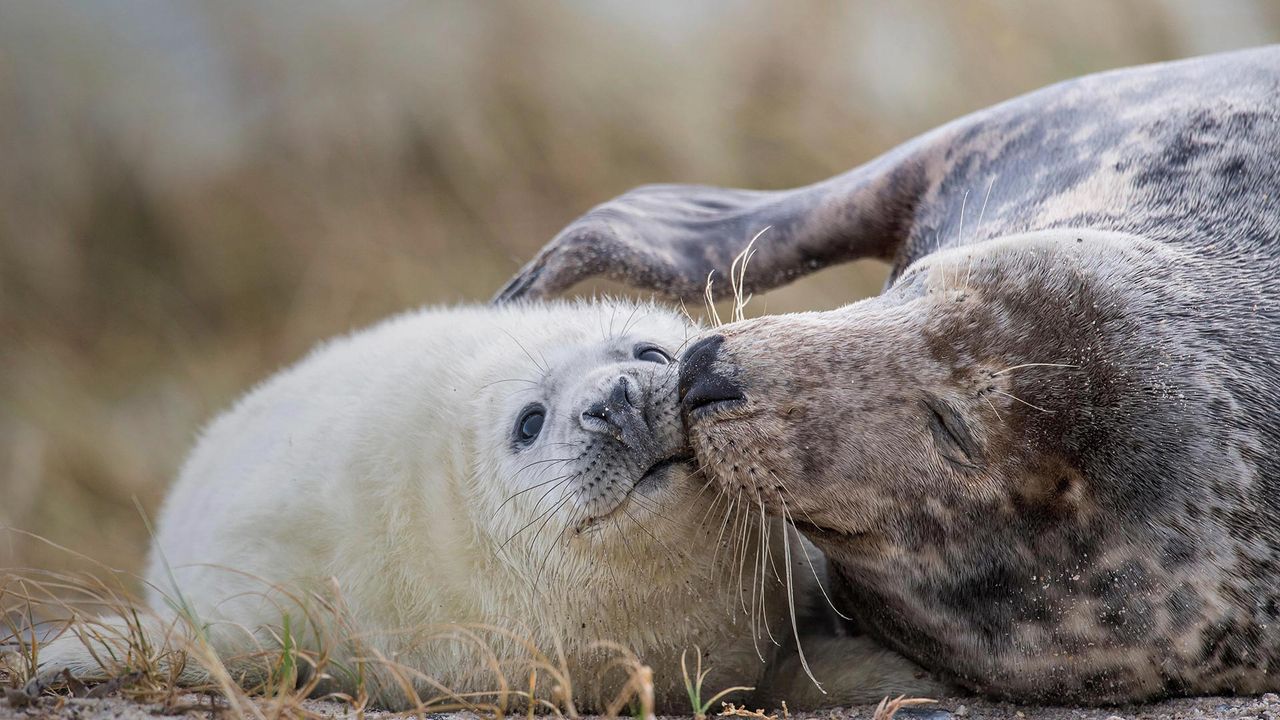 Maman phoque gris et son petit sur une plage d’Heligoland, Schleswig-Holstein, Allemagne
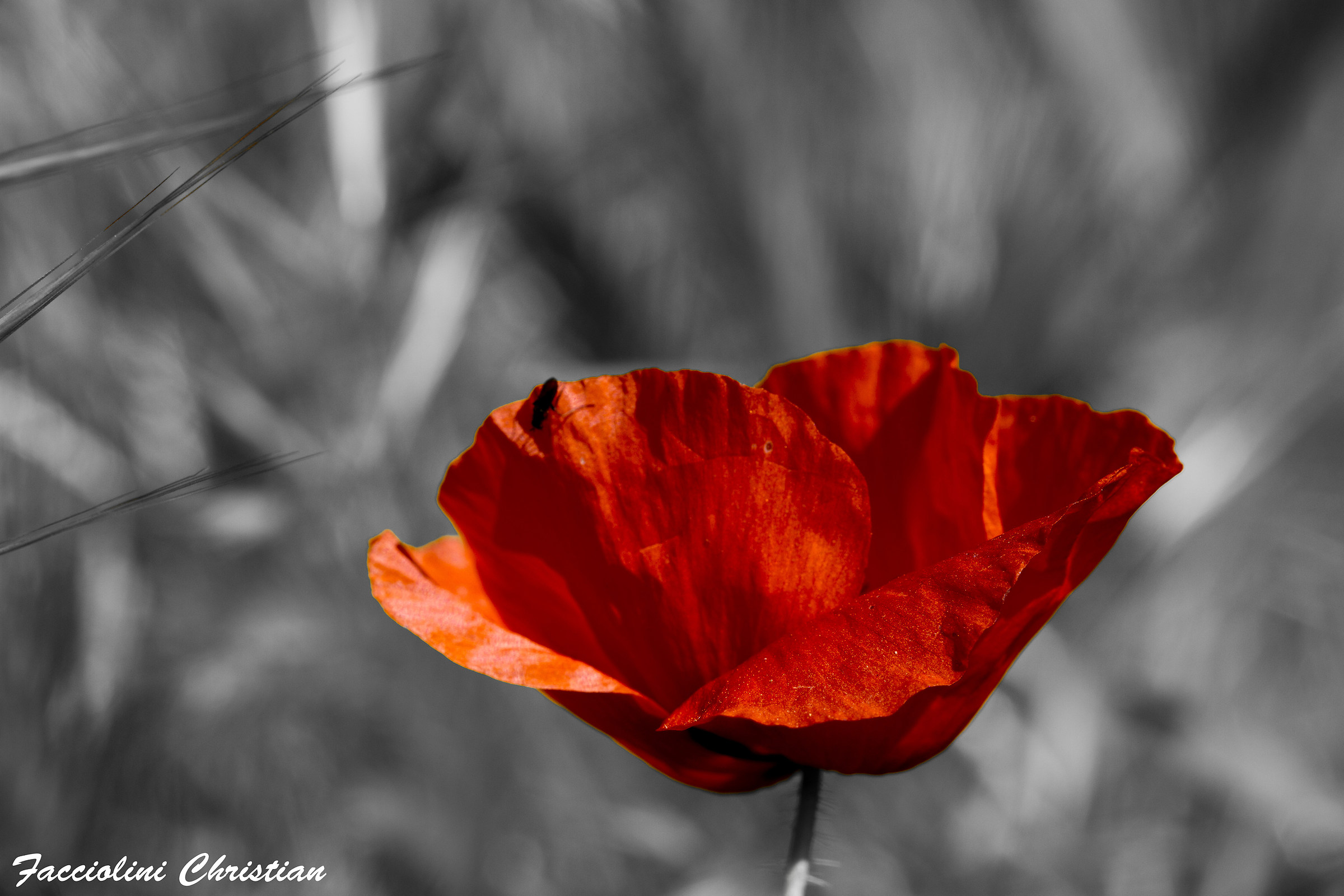 Untitled Photo...
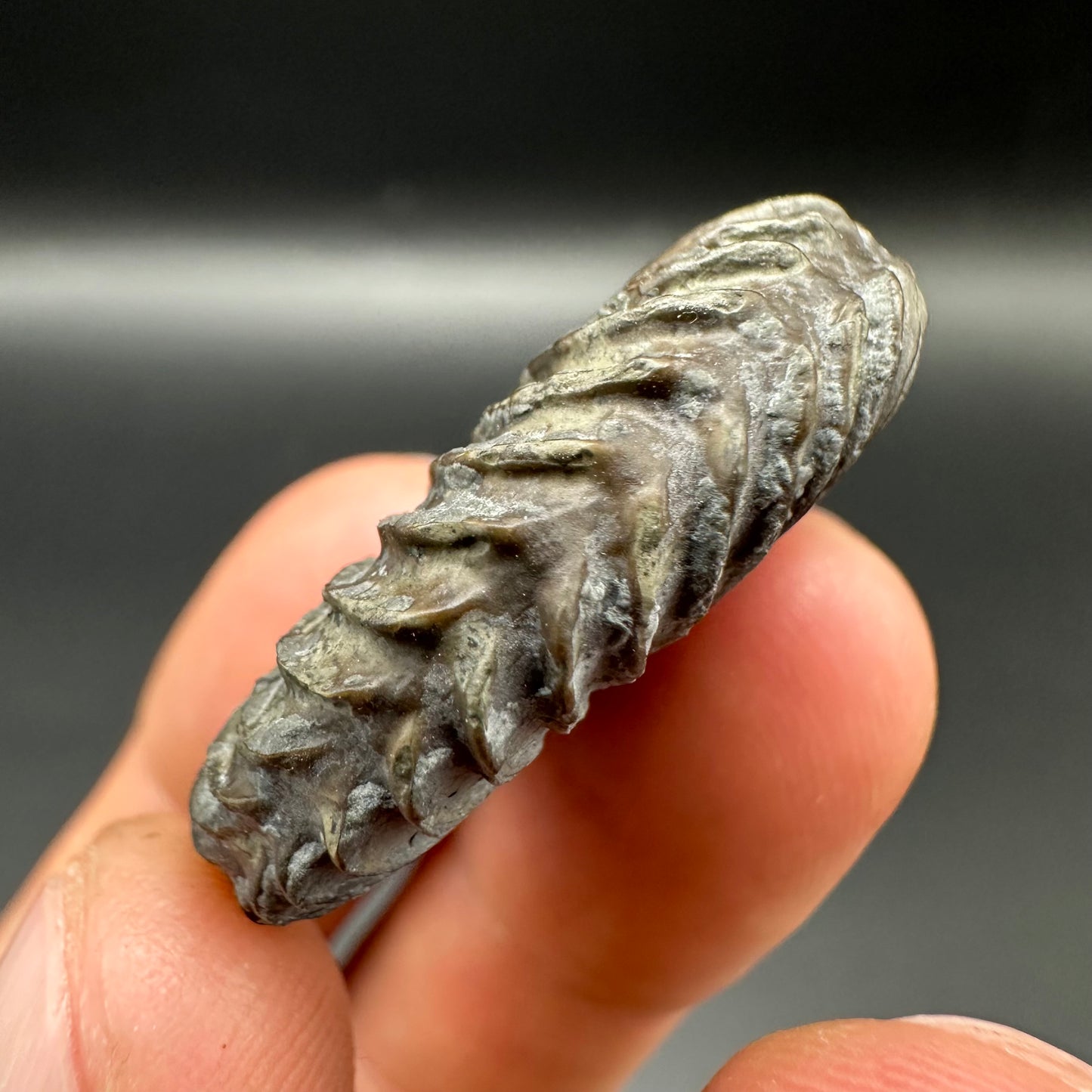 Schlothemia sp. ammonite fossil with tin and stand - Whitby, North Yorkshire Jurassic Coast, Yorkshire fossils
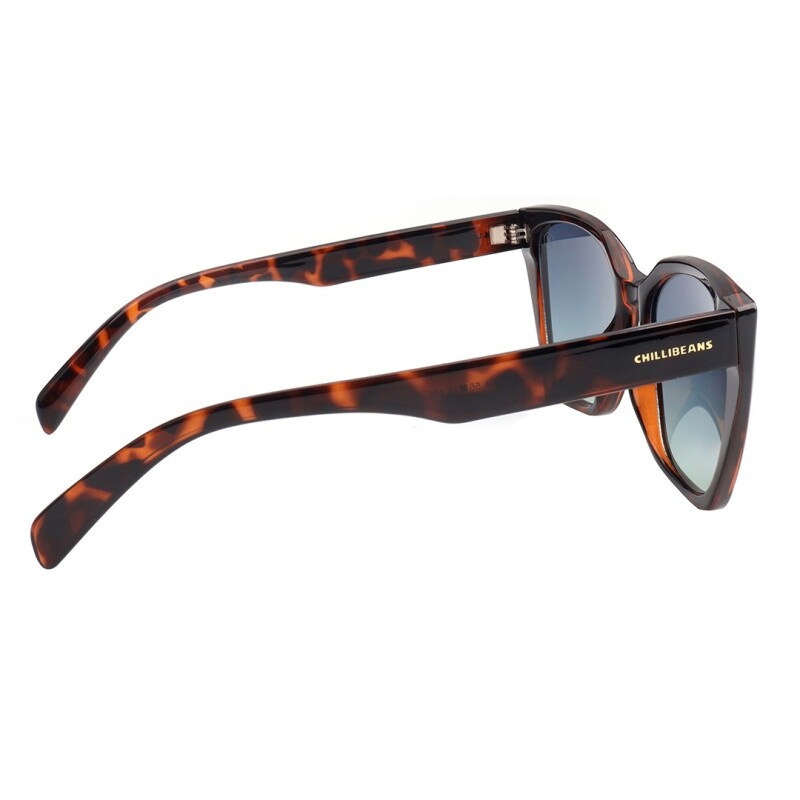 Lentes de Sol Chilli Beans Ámsterdam Marrón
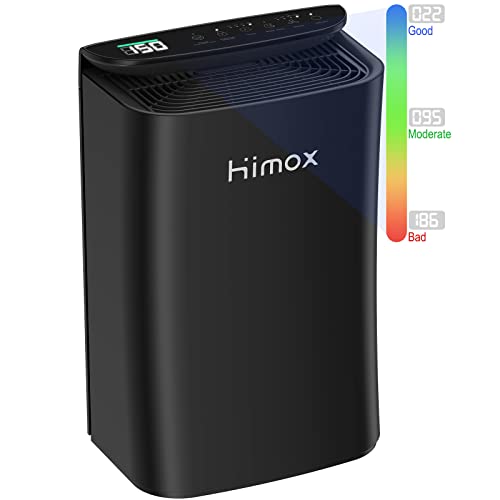 HIMOX Large Room Air Purifier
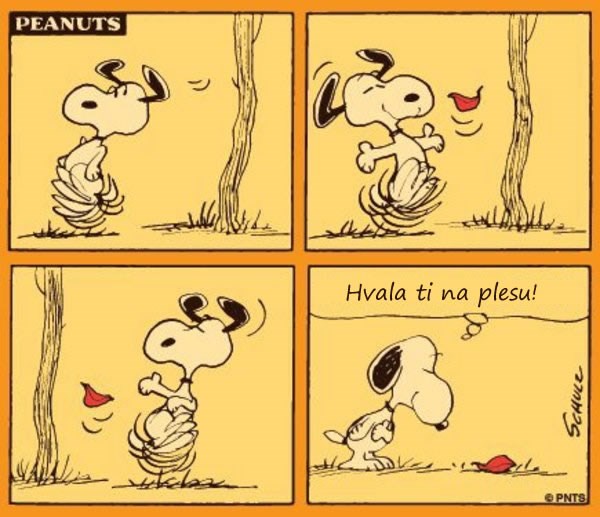 Budi Snoopy i u svemu nađi nešto dobro!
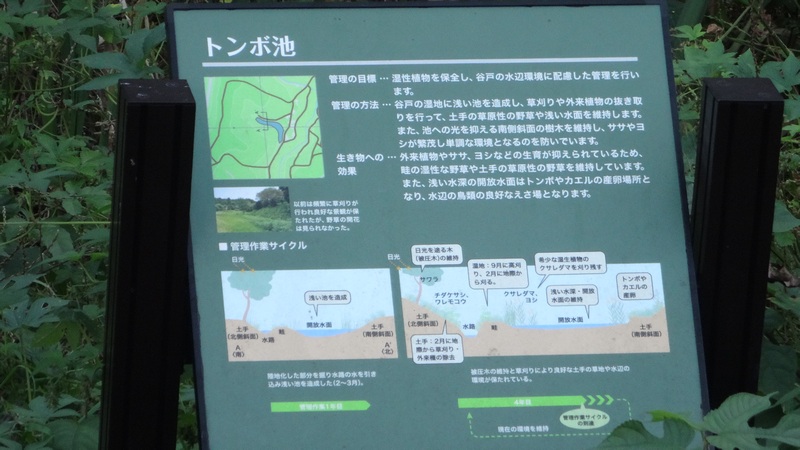 トンボ池案内板 横浜市旭区矢指町追分市民の森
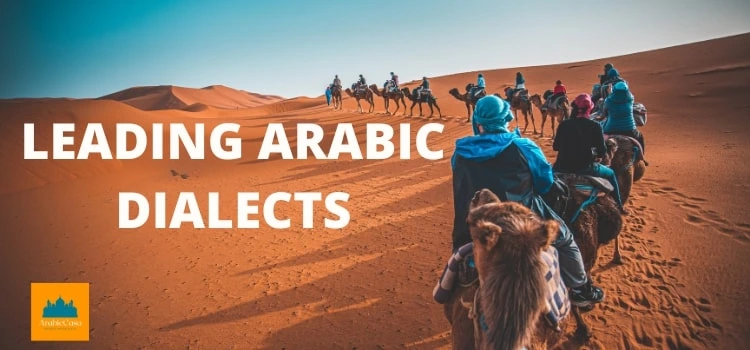leading arabic dialects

══════════

The lines running from the one with "Schlothemia sp. ammonite" to the close of the material above are to be retyped exactly; no picture is to be included.

 Schlothemia sp. ammonite fossil with tin and stand - Whitby, North Yorkshire Jurassic Coast, Yorkshire fossils
 Lentes de Sol Chilli Beans Ámsterdam Marrón
 HIMOX Large Room Air Purifier
 Budi Snoopy i u svemu nađi nešto dobro!
 トンボ池案内板 横浜市旭区矢指町追分市民の森
leading arabic dialects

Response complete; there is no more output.